1) masyaqqah yang tidak dapat mengugurkan kewajiban (ibadah).Misalnya rasa lelah ketika melakukan perjalanan haji, tidak secara otomatis mengugurkan kewajiabn haji. Rasa capek dan takut dalam peperanngan tidak dapat mengugurkan kewajiban kewajiban jihad. Masalahnya masyaqqah yang seperti itu sudah merupakan tabiat besar dan konsekuensi logis dari jenis pekerjaan yang sedang dilakukan. Artinya kewajiban seperti haji hanya dapat terlaksana jika telah melewati kesulitan-kesulitan berupa rasa lelah, capek, dan sebagainya. Begitu pula kewajiban jihad tetap harus melewati rasa lelah, takut, bahkan kematian pun bisa terjadi. Sehingga tidak logis jika kemudahan (rukhsah) diterapkan dalam hal ini.

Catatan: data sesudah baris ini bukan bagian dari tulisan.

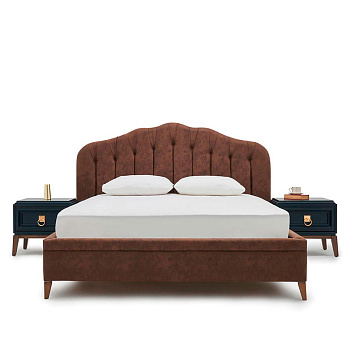 Кровать  Elegante (180х200см) с изголовьем с ящиком для хранения (156) Vero Brown 360 без изножья 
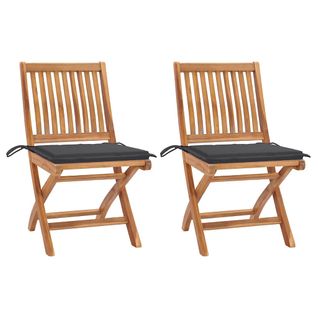 Chaises De Jardin 2 Pièces Avec Coussins Anthracite Bois De Teck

2) Masayqqah yang dapat mengugurkan kewajiban. Adapun mengenai masayaqqah ini dibagi menjadi dalam tiga bagian, sebagai berikut:.

• Masyaqqah al mu’tadah ialah kesulitan yang bisa diatasi manusia tanpa membawa darurat baginya. Contoh: sholat yang melelahkan badan.

• Masyaqqah ghairu mu’tadah ialah masyaqqah yang dapat menimbulkan kegoncangan atau kesukaran pada diri mukallaf dalam menjalankan proses taklif. Contoh seseorang yang sedang menderita sakit pada bulan ramadlan dapat meniggalkan puasanya dan menggantinya pada bulan lain. Karena sakitnya itu dapat menimbulkan kesukaran dan kesulitan dalam melaksanakan taklif.

Seluruh masyaqqah itu tergantung pada jenis aktifitas, tempat, dan waktu dalam pelaksanaan taklif. Seperti: kesukaran puasa tidak sama dengan kesukaran dalam shalat.

Rukhsah dan Azimah

Pengertian

Pada dasarnya rukhsah adalah sebuah kodifikasi hukum yang diberikan syariat bagi mukallaf yang mengalami kesulitan dalam melaksanakan taklif yang dibebankan kepadanya. Dengan kata lain rukhsah adalah sebuah formulasi hukum yang telah berubah dari bentuk asalnya, karena mempertimbangkan obyek hukum, situasi, kondisi dan tempat tertentu. Bisa pula dimaknai sebagai diperbolehkannya sesuatu yang asalnya dilarang, besrta wujudnya dalil yang melarang.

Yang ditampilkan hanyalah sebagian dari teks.